Work to complete: Among the entries below, please repeat exactly and only the lines from the line containing "45R Indigo 45 Gauze Frilled Coupe Shirt" to the line containing "Loose velvet dress - Teal", both lines included.
* * * * * * *
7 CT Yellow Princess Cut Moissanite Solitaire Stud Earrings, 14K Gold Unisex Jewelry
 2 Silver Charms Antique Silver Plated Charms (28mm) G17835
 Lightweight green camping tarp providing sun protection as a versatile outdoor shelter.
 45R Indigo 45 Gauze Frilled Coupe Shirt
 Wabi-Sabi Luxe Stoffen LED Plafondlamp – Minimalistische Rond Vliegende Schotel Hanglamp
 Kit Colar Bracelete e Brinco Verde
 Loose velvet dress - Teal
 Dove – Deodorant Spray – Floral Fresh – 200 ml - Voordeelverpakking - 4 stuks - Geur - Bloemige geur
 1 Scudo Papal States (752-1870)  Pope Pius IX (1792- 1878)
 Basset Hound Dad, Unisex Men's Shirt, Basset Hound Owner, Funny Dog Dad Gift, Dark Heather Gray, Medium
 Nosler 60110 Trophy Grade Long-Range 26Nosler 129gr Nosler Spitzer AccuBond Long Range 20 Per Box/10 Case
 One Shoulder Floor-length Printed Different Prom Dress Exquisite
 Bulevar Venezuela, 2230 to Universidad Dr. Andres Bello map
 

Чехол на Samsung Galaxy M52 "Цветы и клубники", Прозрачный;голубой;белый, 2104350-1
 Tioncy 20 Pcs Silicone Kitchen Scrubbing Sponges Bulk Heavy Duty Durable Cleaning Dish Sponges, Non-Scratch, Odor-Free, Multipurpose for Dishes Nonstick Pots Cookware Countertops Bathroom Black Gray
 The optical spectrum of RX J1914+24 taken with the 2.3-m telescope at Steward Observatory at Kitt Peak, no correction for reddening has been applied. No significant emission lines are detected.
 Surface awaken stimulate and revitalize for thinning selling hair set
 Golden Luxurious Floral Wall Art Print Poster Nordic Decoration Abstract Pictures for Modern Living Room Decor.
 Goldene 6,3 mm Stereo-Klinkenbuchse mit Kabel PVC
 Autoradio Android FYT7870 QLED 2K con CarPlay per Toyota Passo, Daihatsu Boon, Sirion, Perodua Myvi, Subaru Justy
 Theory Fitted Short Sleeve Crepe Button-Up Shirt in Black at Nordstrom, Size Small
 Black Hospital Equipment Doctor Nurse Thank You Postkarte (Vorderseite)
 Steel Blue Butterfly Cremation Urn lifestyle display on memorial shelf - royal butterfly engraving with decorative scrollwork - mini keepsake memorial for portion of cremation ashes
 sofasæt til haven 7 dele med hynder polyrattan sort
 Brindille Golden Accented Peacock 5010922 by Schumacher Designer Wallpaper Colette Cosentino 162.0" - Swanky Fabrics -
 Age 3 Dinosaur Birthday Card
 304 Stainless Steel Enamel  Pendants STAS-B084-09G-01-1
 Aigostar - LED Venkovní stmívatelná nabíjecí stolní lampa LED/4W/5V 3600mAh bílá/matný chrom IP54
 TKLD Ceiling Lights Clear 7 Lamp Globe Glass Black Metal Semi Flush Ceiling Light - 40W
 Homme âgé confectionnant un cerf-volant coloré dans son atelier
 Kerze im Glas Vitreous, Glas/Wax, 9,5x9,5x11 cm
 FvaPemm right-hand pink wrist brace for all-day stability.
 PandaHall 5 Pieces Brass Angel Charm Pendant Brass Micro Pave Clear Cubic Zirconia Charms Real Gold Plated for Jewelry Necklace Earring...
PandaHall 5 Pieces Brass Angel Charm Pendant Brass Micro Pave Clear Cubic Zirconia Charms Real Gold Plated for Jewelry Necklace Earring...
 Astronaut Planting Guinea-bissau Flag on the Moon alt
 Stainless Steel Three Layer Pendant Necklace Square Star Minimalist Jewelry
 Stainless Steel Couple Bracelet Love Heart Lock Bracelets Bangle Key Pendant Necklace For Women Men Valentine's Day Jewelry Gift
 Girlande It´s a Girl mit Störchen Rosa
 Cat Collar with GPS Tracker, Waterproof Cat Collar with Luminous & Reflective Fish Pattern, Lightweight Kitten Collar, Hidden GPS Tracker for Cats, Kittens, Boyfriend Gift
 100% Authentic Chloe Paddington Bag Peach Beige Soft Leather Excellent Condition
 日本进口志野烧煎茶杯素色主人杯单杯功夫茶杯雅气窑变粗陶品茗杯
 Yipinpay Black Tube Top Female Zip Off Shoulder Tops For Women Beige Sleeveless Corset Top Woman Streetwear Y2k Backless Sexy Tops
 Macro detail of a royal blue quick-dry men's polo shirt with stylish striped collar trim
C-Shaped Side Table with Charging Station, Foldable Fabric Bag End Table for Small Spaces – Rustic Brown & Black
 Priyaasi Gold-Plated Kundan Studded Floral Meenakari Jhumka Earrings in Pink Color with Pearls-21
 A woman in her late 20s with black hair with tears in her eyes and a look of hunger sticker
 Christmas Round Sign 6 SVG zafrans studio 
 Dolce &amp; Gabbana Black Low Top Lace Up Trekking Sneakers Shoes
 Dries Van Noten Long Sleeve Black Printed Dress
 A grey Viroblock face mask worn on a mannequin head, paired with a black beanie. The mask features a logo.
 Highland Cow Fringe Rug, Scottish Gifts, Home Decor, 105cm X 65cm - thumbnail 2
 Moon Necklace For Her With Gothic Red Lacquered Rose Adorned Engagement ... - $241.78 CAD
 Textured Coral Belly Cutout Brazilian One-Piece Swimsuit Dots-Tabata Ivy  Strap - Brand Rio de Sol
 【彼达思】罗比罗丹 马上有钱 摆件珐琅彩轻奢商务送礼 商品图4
* * * * * * *
Solution to this task:
 45R Indigo 45 Gauze Frilled Coupe Shirt
 Wabi-Sabi Luxe Stoffen LED Plafondlamp – Minimalistische Rond Vliegende Schotel Hanglamp
 Kit Colar Bracelete e Brinco Verde
 Loose velvet dress - Teal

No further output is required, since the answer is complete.